### [Exercise]
Write out all the data again, exactly as it stands.

Available records START

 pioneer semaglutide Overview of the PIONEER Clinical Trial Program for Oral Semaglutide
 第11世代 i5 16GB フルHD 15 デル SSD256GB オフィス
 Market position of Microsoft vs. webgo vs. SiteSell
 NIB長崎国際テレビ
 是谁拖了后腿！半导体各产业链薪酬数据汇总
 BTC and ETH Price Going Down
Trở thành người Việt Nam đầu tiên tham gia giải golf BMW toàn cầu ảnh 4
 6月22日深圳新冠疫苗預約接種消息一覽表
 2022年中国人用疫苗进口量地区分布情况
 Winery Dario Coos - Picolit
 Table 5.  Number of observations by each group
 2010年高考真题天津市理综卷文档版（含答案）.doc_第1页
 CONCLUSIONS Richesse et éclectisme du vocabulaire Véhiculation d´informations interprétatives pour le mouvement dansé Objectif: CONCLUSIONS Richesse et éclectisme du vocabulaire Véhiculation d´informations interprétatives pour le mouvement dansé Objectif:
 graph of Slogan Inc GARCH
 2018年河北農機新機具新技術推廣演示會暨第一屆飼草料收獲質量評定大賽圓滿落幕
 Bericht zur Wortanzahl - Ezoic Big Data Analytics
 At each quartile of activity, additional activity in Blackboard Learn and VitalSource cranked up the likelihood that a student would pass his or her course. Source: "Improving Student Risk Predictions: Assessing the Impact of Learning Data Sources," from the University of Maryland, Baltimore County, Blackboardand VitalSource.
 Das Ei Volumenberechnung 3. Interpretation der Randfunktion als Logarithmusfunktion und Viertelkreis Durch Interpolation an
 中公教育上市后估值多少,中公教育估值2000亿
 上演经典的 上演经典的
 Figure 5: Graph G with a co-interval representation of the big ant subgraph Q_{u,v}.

Available records END

### [Result for this exercise]
 pioneer semaglutide Overview of the PIONEER Clinical Trial Program for Oral Semaglutide
 第11世代 i5 16GB フルHD 15 デル SSD256GB オフィス
 Market position of Microsoft vs. webgo vs. SiteSell
 NIB長崎国際テレビ
 是谁拖了后腿！半导体各产业链薪酬数据汇总
 BTC and ETH Price Going Down
Trở thành người Việt Nam đầu tiên tham gia giải golf BMW toàn cầu ảnh 4
 6月22日深圳新冠疫苗預約接種消息一覽表
 2022年中国人用疫苗进口量地区分布情况
 Winery Dario Coos - Picolit
 Table 5.  Number of observations by each group
 2010年高考真题天津市理综卷文档版（含答案）.doc_第1页
 CONCLUSIONS Richesse et éclectisme du vocabulaire Véhiculation d´informations interprétatives pour le mouvement dansé Objectif: CONCLUSIONS Richesse et éclectisme du vocabulaire Véhiculation d´informations interprétatives pour le mouvement dansé Objectif:
 graph of Slogan Inc GARCH
 2018年河北農機新機具新技術推廣演示會暨第一屆飼草料收獲質量評定大賽圓滿落幕
 Bericht zur Wortanzahl - Ezoic Big Data Analytics
 At each quartile of activity, additional activity in Blackboard Learn and VitalSource cranked up the likelihood that a student would pass his or her course. Source: "Improving Student Risk Predictions: Assessing the Impact of Learning Data Sources," from the University of Maryland, Baltimore County, Blackboardand VitalSource.
 Das Ei Volumenberechnung 3. Interpretation der Randfunktion als Logarithmusfunktion und Viertelkreis Durch Interpolation an
 中公教育上市后估值多少,中公教育估值2000亿
 上演经典的 上演经典的
 Figure 5: Graph G with a co-interval representation of the big ant subgraph Q_{u,v}.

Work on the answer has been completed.